Estate Planning For Singles
Estate Planning for Singles
Single people, with property in their name alone, need a will. Otherwise, their significant others or close friends will not inherit.
If a single person does not have a will, their assets will pass to next of kin per the laws of intestacy. This means the property will first pass to children, or if none, to parents. If a single person is not survived by parents or children, their assets will pass to their siblings in equal shares, or nieces/nephews. Significant others will not receive anything.
If there is no will, proper beneficiary designation forms or joint account ownership is needed to pass assets to a companion; Without joint ownership or a partner named in a beneficiary designation form, a partner may not inherit anything.
Things can go wrong for singles when estate planning is not done. Here are some examples of what can happen:
- Anne and Gil live together and have one young child. They are not married and have no joint accounts. They only own the home jointly. If Gil dies unexpectedly, only the home will go to Anne. The rest of his estate will pass to their young child. Would Gil want the child to get his estate and not Anne?

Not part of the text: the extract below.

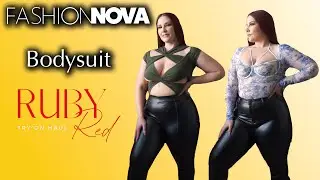 Fashion Nova Curve Bodysuit Try-On Haul | @novamen by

- Ellie is a widow with two grown children. She’s been estranged from her daughter for over 20 years but is close with her son and his family, who live nearby. If she doesn’t have a will, her children will share 50-50 unless the assets are jointly titled with her son, or her son is the designated beneficiary.
- While Betty and Sally lived together, Sally adopted a child to raise together. Betty has no parental rights. If Betty and Sally don’t marry, care must be taken to properly leave assets for the other. Betty may also consider adopting their child, so she can be the legal guardian if something happens to Sally.
People can be single for many reasons. But one thing is sure: Without estate planning and a will, things may not go according to plan.